* **Assignment**: Copy exactly the lines from the one containing "Chat médico. Cáncer" through the last line of the records, both included, and nothing more.

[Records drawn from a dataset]
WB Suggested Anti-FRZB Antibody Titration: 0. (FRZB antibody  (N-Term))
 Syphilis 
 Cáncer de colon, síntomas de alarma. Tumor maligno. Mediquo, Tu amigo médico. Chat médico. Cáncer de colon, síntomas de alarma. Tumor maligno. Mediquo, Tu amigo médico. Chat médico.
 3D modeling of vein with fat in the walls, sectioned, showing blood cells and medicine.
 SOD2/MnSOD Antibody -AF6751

* **Task answer**:
 Cáncer de colon, síntomas de alarma. Tumor maligno. Mediquo, Tu amigo médico. Chat médico. Cáncer de colon, síntomas de alarma. Tumor maligno. Mediquo, Tu amigo médico. Chat médico.
 3D modeling of vein with fat in the walls, sectioned, showing blood cells and medicine.
 SOD2/MnSOD Antibody -AF6751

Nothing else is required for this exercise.